He breathed out. “Can I stop you?”

She grinned and shook her head. “Why did you buy this house?”

He looked away. He wasn’t sure he wanted to have this conversation. He’d lived here for nearly six months now, and he still felt like it was on loan. Plus, he hadn’t talked about his family drama to anyone.

She scooted a little closer to him. “I don’t mean to make you uncomfortable. It’s just, it’s a huge house and only you.”

“I bought it for the land and the river,” he said. “If the property had come with a shack, I would’ve taken it.”

“You don’t like the house?” She was pulling her muffin to pieces.

“It’s beautiful,” he said.

Her brow furrowed, and Brandon wanted to reach over and smooth it. “But—”

“But what?” he asked. He wasn’t sure what had caused this sudden change, but he wasn’t going to waste it.

“You have family in North Carolina, right?” she asked. “Why pack up and move here, to this big ol’ house, all by yourself? It must be lonely.”

He breathed deep. This was the question he’d been avoiding all along. The reason his family texted him constantly, and the reason he all but ignored them. He didn’t want to talk about it, but he wanted her to trust him. He wanted it more than he’d wanted anything in years. And he remembered the way she’d trusted him with that nonsense story about her dad cheating on Millie Douglas with her mom. He didn’t believe that for a second. Allie had opened up to him; he could do the same. Suddenly, he was talking. “Five years ago, there was a woman—”

She scooted a little closer and rested her head on her knees.

“I thought I was going to marry her, but it turned out she was sick and tired of my job in the military. Tired of me having to leave without notice, tired that I couldn’t give her details of what I was doing, tired of the secrets—”

She frowned. “You were military police, right?”

“An M.P.” He nodded. “She hated it. I got deployed, she broke up with me, and six months later when I came home, she was married.”

Allie gasped.

“To my little brother. I didn’t even know they’d been dating.”

“Oh, Brandon . . .” She took his hand, lacing her fingers through his—her skin smooth like silk. “That’s why you moved here?”

“No, I handled them being together for years, never said a thing, but Maryanne is pregnant, and I realized I’d put my life on hold for too long for nothing. I moved here because it was time. I can’t keep living in limbo. Can’t stay broken.”

Her jaw pulsed, and a hard determination filled her gaze. “Do you want me to egg their house? Cuz I totally will.”

He laughed out loud, all the tension that’d been building in his chest releasing with that one ridiculous comment, making his confession somehow way less painful than it should’ve been.

She smirked. “Not a hollow offer. Just give me an address.”

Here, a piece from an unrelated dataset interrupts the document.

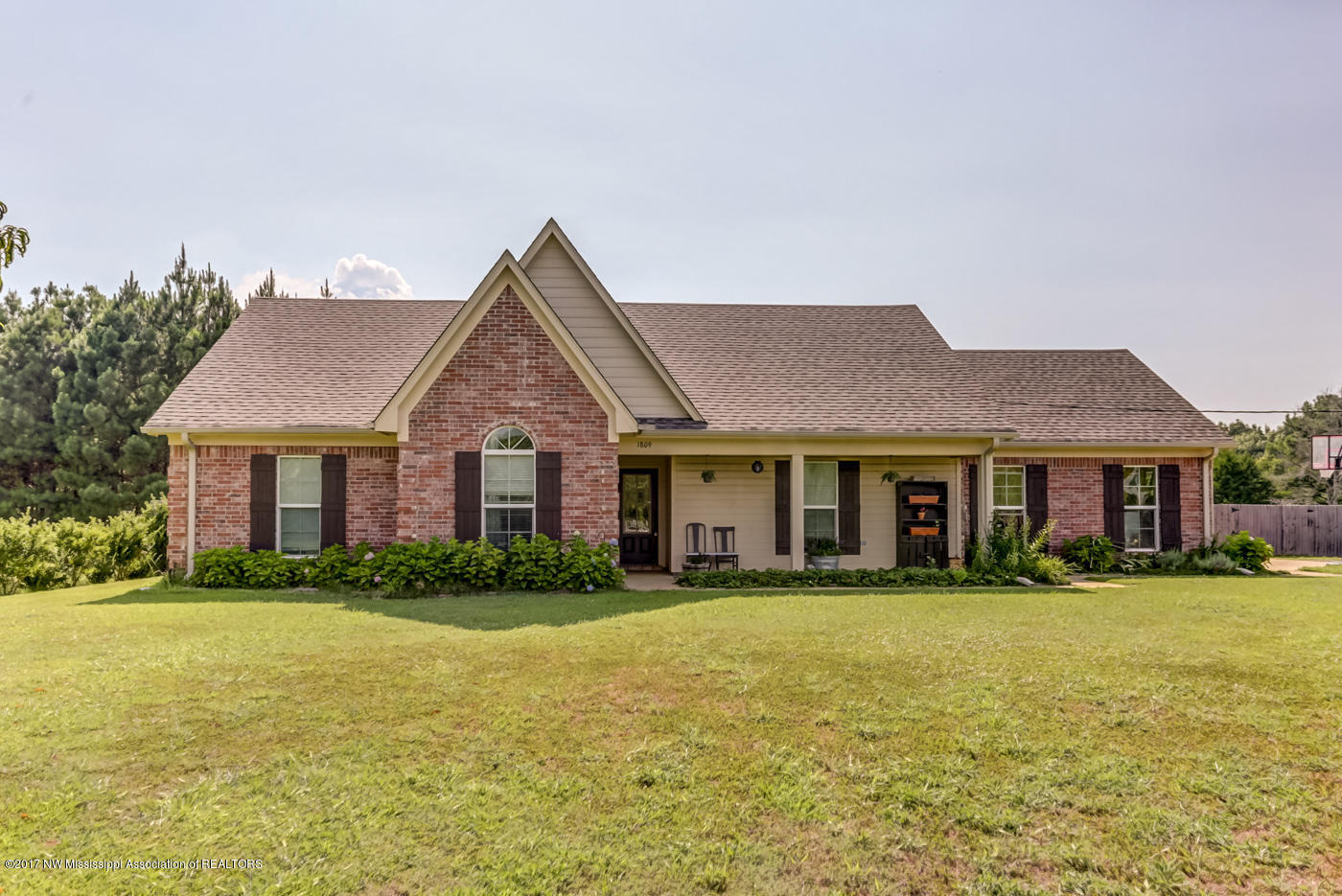 1809 Grass Pond Road Hernando, MS 38632 - Photo 1 of 21 G22A9629_30_31_32_33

He leaned closer to her, breathing in her delicious lavender scent, and nudged her with his shoulder.

“Well . . .” She took a deep breath. “I’m glad you’re here. So is Allie, and so is Cash. We’re lucky to have you in our lives.”

He chuckled again. “Does that mean you’re going to stop avoiding me now?”

She flushed. “I deserved that.” She stood and yanked him to his feet. “Man, you don’t pull any punches, do you?”

He shook his head. “Not anymore.”

“I’m flattered. Does that mean you’re going to stop avoiding me too?”

He shrugged. “We’ll see.”

She slapped his arm and then grinned, the first easy grin he’d seen on her in weeks. “What are you doing tomorrow night?”